My third prediction is that telcos will become more powerful Internet service providers. Mark Anderson, who writes the Strategic News Service newsletter and has a keen sense of communication trends, says cable companies, telcos, cell phone companies, and other ISPs are becoming generic "bit providers" that will compete solely on how cheaply they can deliver digital content--from phone calls to TV shows.

But telcos may have some advantages over the other players. Wolfgang Ziebart, CEO of Infineon (Research), recently told me that the German chipmaker will ramp up production of its so-called VDSL2 chip in early 2006. This chip can send data at the Holy Grail rate of 100 megabits per second over ordinary copper phone wire for distances of more than 600 feet.

That may not seem very far, but it represents a much greater capacity to transmit data than has previously been available on copper wires. This will enable phone companies to avoid stringing expensive optical fiber all the way to consumers' home computers. Instead, telcos can install optical fiber cables to hubs and then use traditional pre-existing copper phone lines to connect them to nearby households. Texas Instruments (Research) and other chipmakers are working on similar technology.

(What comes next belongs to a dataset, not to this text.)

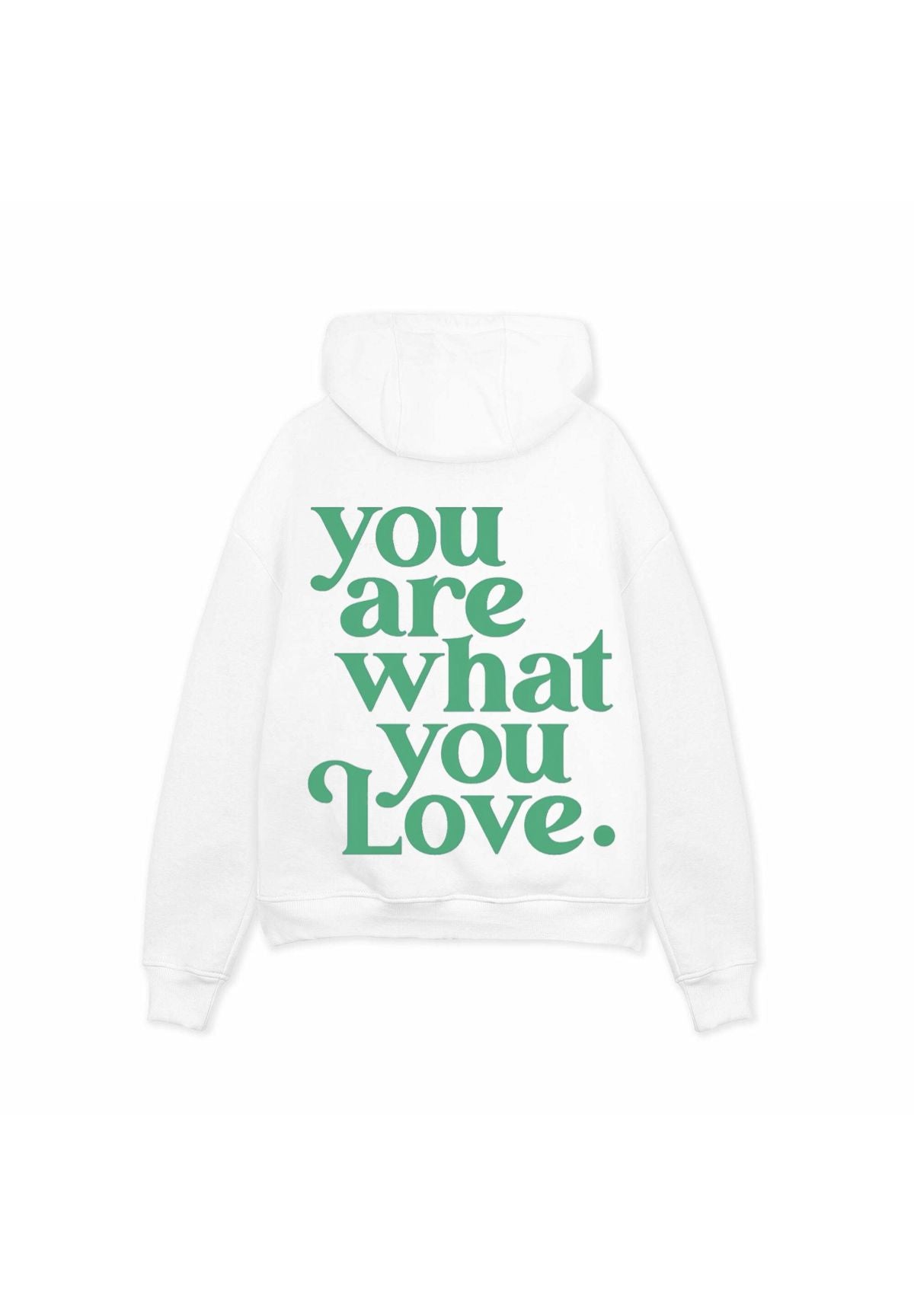 You Are What You Love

Apple to ring up cell phones

My fourth prediction is that Apple is likely to introduce a cell phone next year. I say this only because one of the consumer technology problems that most begs to be solved is the MP3/cell phone combination. The Motorola (Research) ROKR iPod phone that came out this year, using some of Apple's technology, hasn't captured consumers' imagination. We all hate it when the phone rings while we're listening to music. We need both capabilities in the same device so the music stops as soon as the phone rings, like it does on the ROKR. The genius of Steve Jobs and his ace designer Jonathan Ive can make this combination work in an Apple branded device.

Here are the rest of my tech predictions for 2006:

• TV viewing on cell phones will become routine--everywhere, that is, but in the U.S. It won't become possible here for most users until 2007.

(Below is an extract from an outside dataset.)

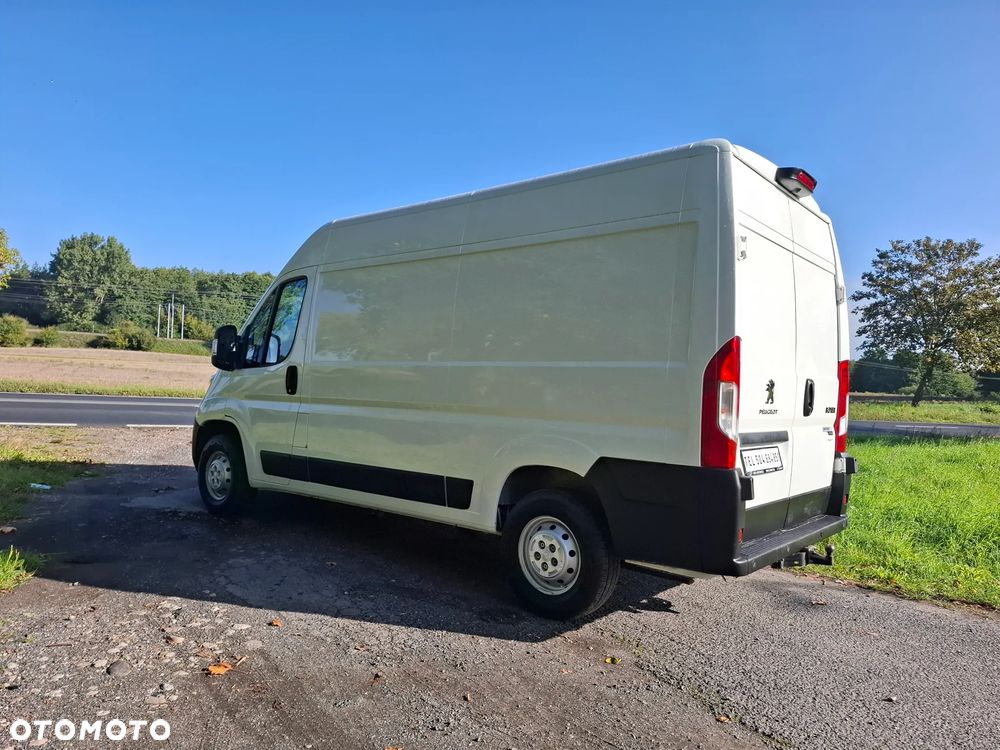 Peugeot BOXER L2H2*140KM*KLIMATYZACJA*KAMERA - 12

AMD (Research) keeps kicking Intel's (Research) butt. AMD CEO Hector Ruiz told me this week that the company will announce its next big fabrication plant by next summer, earlier than most had expected. Another giant state-of-the art factory (it only has one now) could help AMD better compete with Intel.

• Microsoft's big software launches next year—the Vista operating system and the next version of Office--won't generate much excitement. Remember a decade ago how people queued up at stores to get Windows 95? Those days are over. Even Microsoft (Research) acknowledges that software is shifting away from desktop applications towards web-based ones.

Cisco (Research) may be the big-company investment of the year. This company's stock has flat-lined for 18 months, but every single trend that matters involves more bits flowing through more Internet-protocol pipes. As video online—the most data-intensive web application of all—becomes more pervasive, bit traffic will grow. Cisco remains so dominant in the business of building Internet-protocol infrastructure that its earnings growth could wow investors in 2006. Juniper (Research), another network equipment manufacturer, won't do badly either.